| PROMPT |
Nothing but the lines from the one including "Fred Perry Mint" through the last line of the entries, restated exactly, should appear in the answer; omit the pictures.

(Short text fragments from websites)

□ □ □

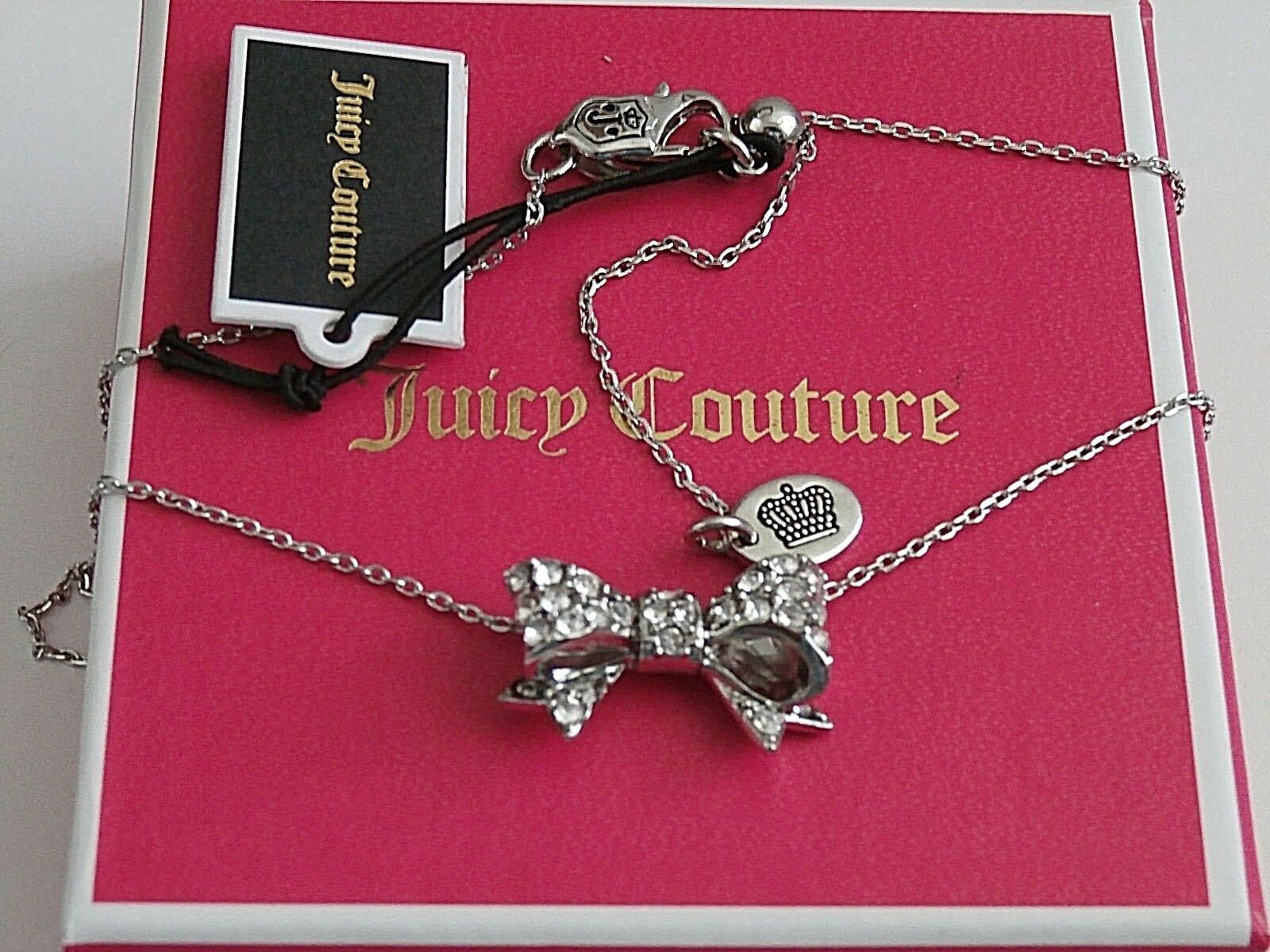 

NEW JUICY COUTURE PAVE BOW WISH SILVER NECKLACE RETIRED NEW WITH TAGS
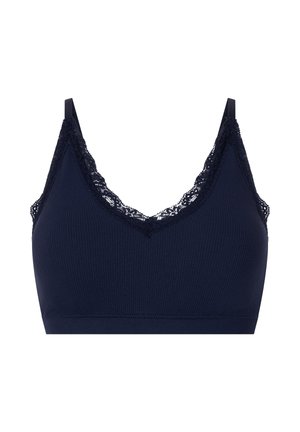 Bralette a coste blu navy con bordo in pizzo lungo la scollatura a V e spalline sottili regolabili, fascia elastica senza cuciture nella parte inferiore.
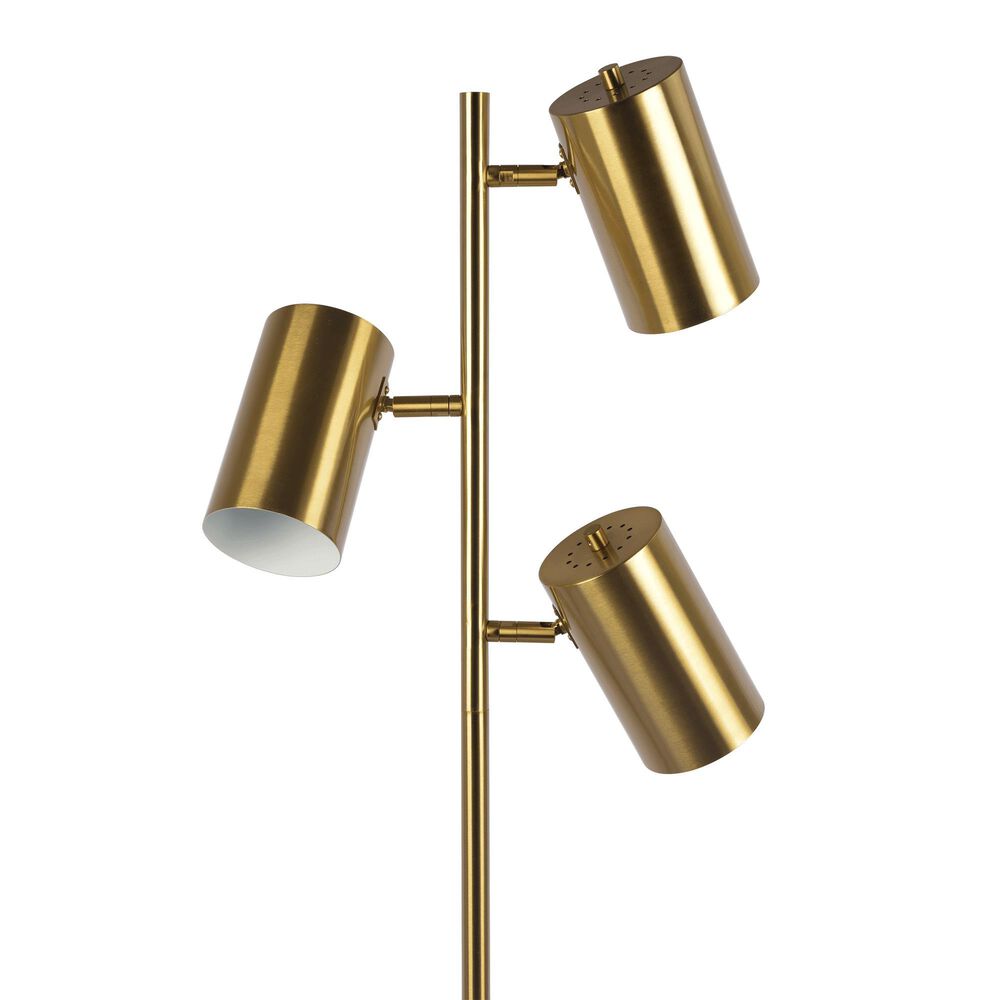 Hearth and Haven Harmony Floor Lamp with Rotary Switch Triple Spots in Gold, , large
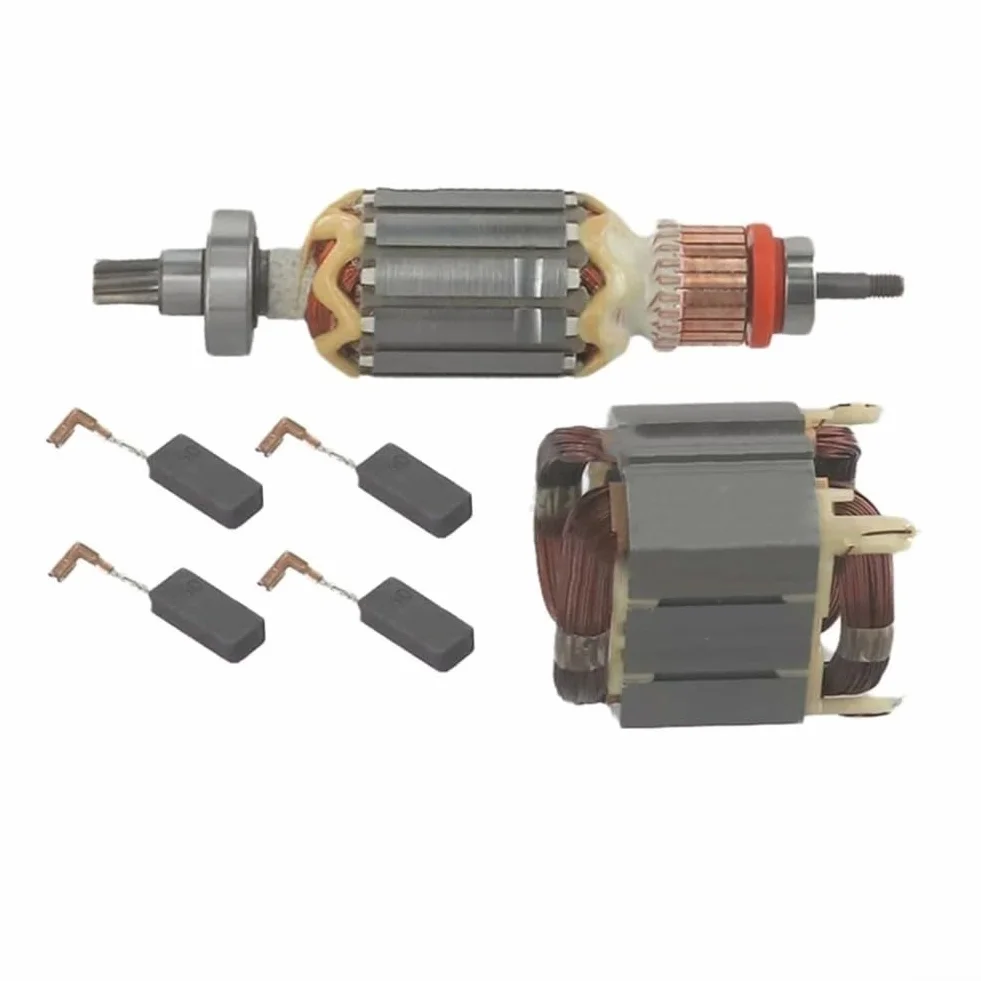 Eawfgtuw Juego de estator de rotor y cepillo de carbón compatible con HR4001C HR4010C HR4011C HR4003C HR4013C, piezas de repuesto para herramientas eléctricas 513633-7 625758-6 CB350 194160-9 (SKU)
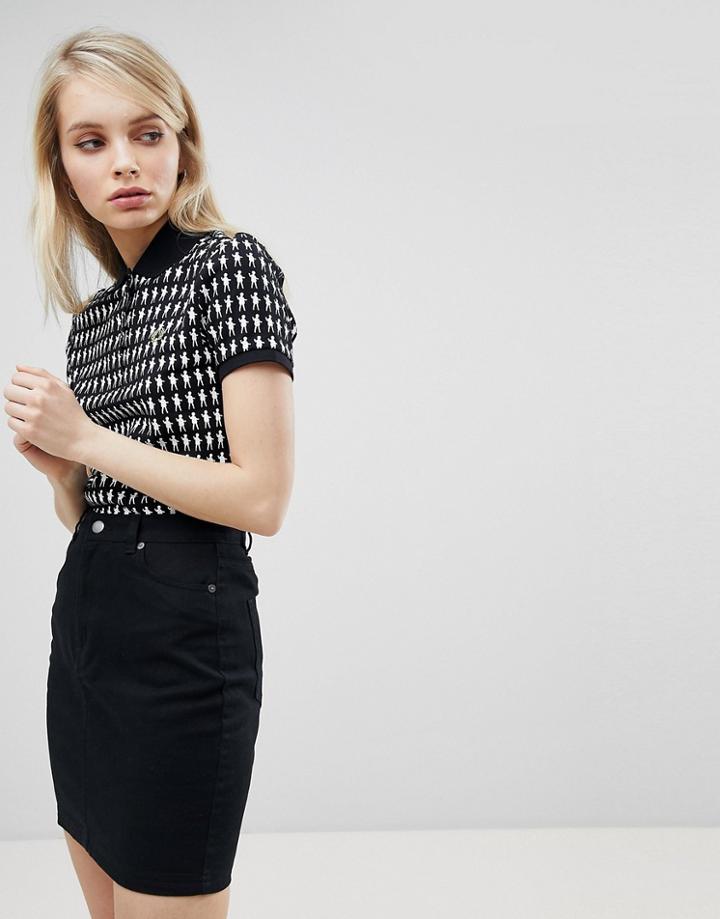 Fred Perry Mint Designs Doll Print Polo Shirt - Black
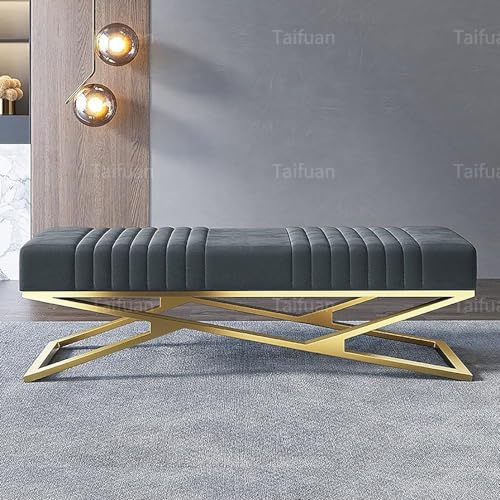 Luxuriöse Gepolsterte Sitzbank Mit Samt,Moderne Getuftete Schuhbank,Bequeme Schuhbank Im Eingangsbereich,X-förmige Metallbasis,Modernes Schlafzimmer-(Size:80x38x42cm(31x15x17inch),Color:dunkelgrau) von Taifuan
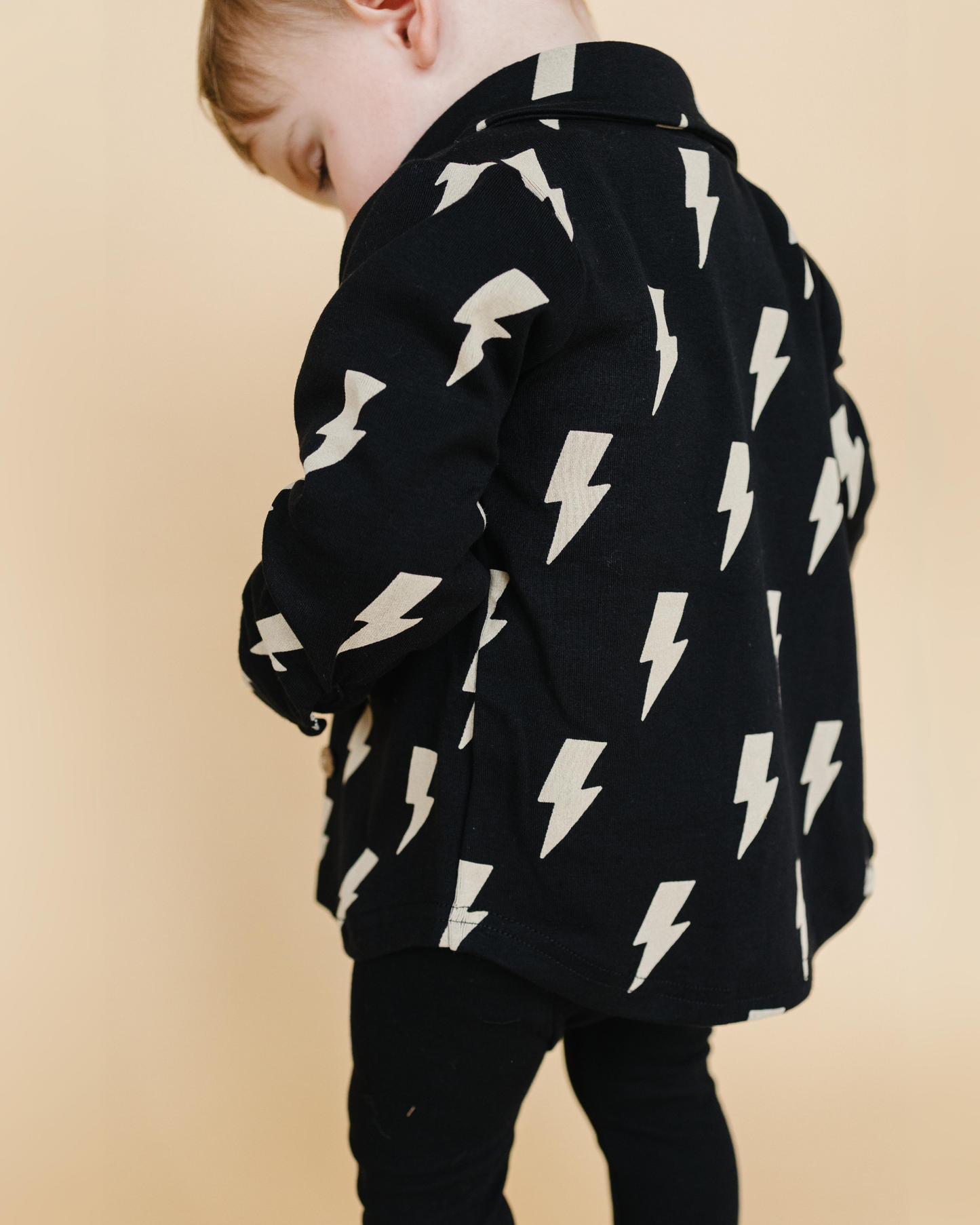 baby black shacket lightning bolts button up cotton jacket kids lightning bolts button up shacket for fall 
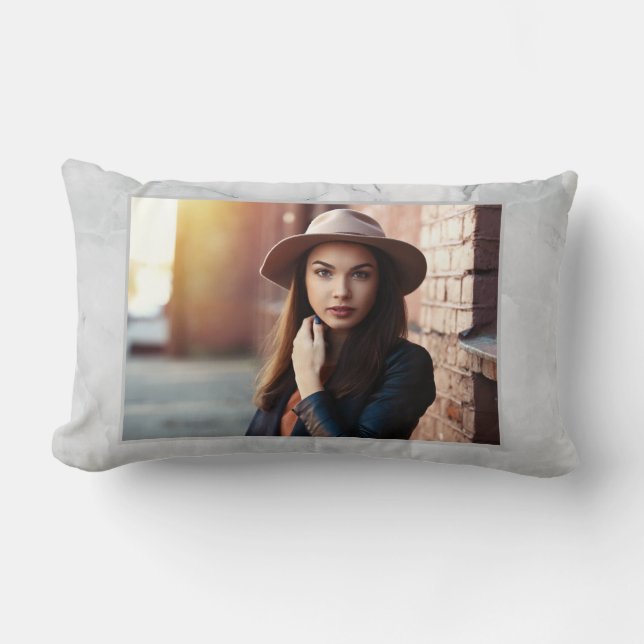 marble modern elegant photo graduate lumbar cushion (Front)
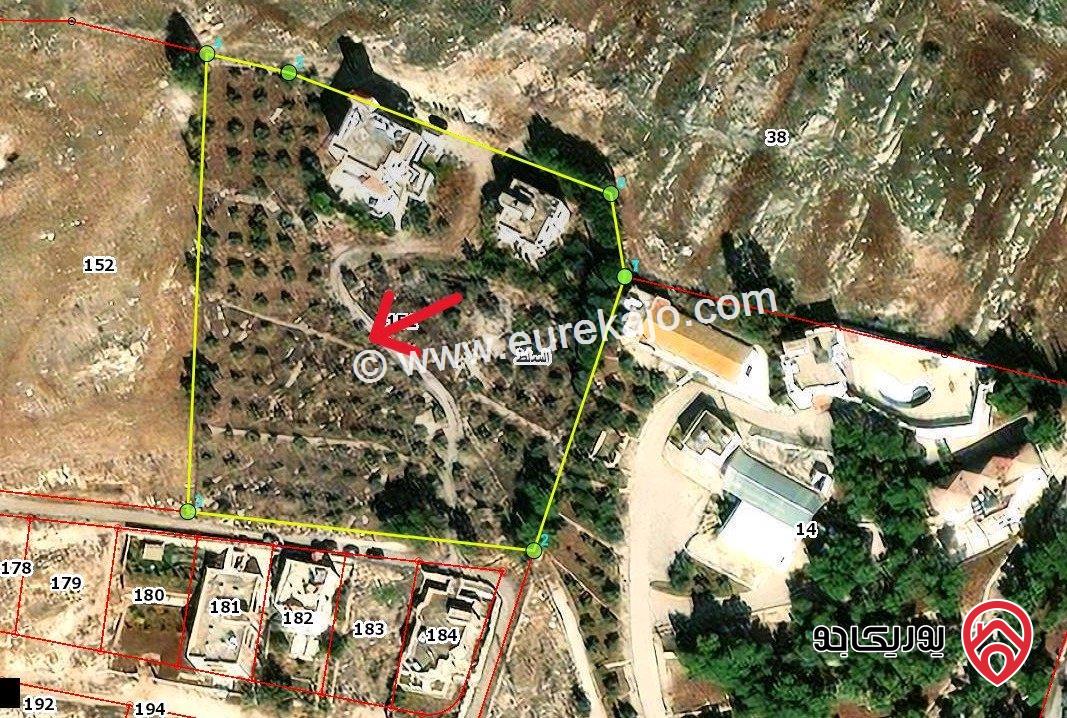 ارض مساحة 5 دونم للبيع من أراضي السلط واجهة على شارع 20م بجانب مخيم الحسين للشباب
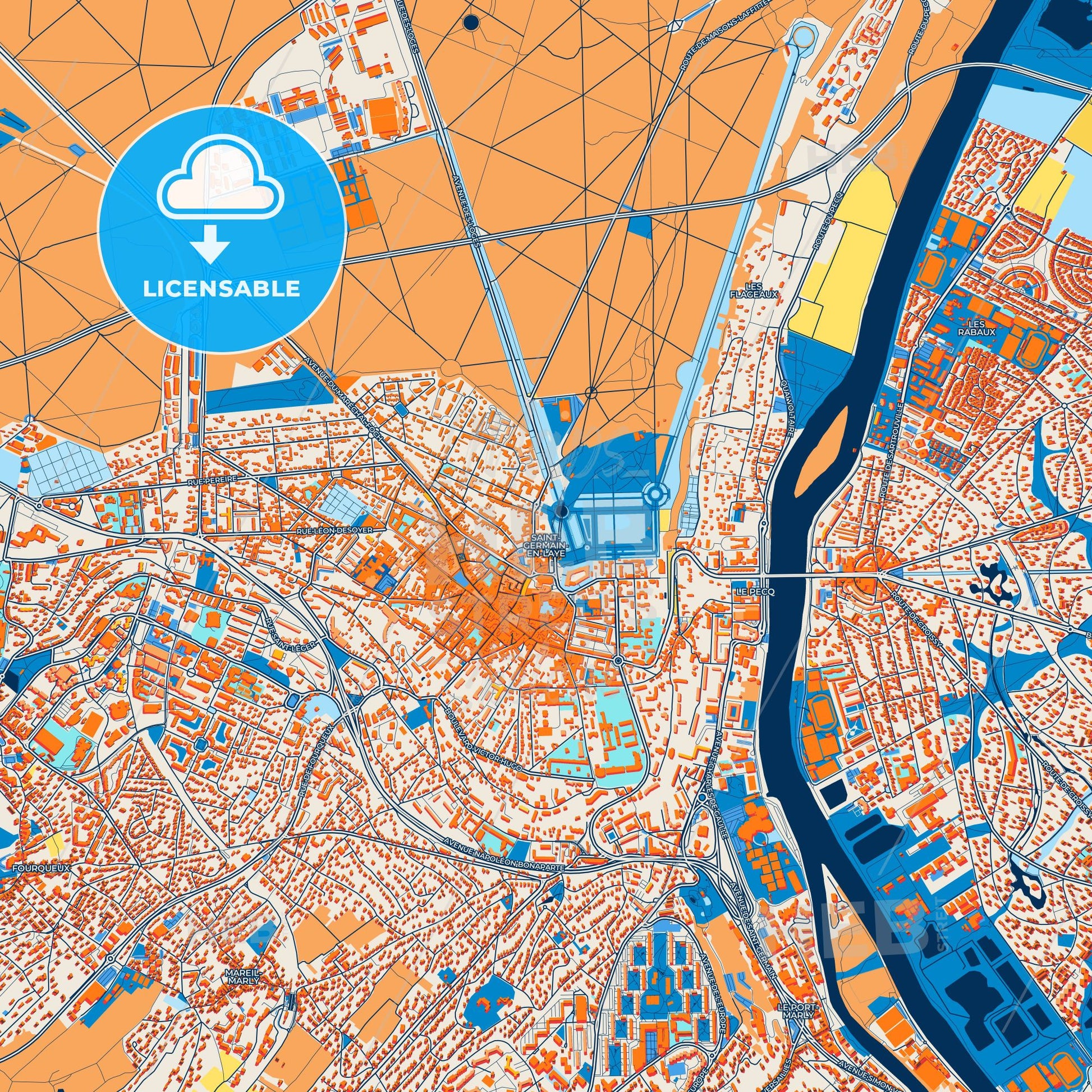 Colorful Saint-Germain-en-Laye Street Map with Labels and Buildings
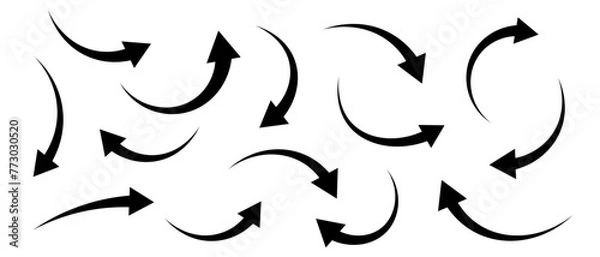 Fototapeta Black arrows set. Curved arrows. Arrow sign. Flat style icons.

□ □ □

| RESULT OF THE TASK |
 Fred Perry Mint Designs Doll Print Polo Shirt - Black
 Luxuriöse Gepolsterte Sitzbank Mit Samt,Moderne Getuftete Schuhbank,Bequeme Schuhbank Im Eingangsbereich,X-förmige Metallbasis,Modernes Schlafzimmer-(Size:80x38x42cm(31x15x17inch),Color:dunkelgrau) von Taifuan
 baby black shacket lightning bolts button up cotton jacket kids lightning bolts button up shacket for fall 
 marble modern elegant photo graduate lumbar cushion (Front)
 ارض مساحة 5 دونم للبيع من أراضي السلط واجهة على شارع 20م بجانب مخيم الحسين للشباب
 Colorful Saint-Germain-en-Laye Street Map with Labels and Buildings
 Fototapeta Black arrows set. Curved arrows. Arrow sign. Flat style icons.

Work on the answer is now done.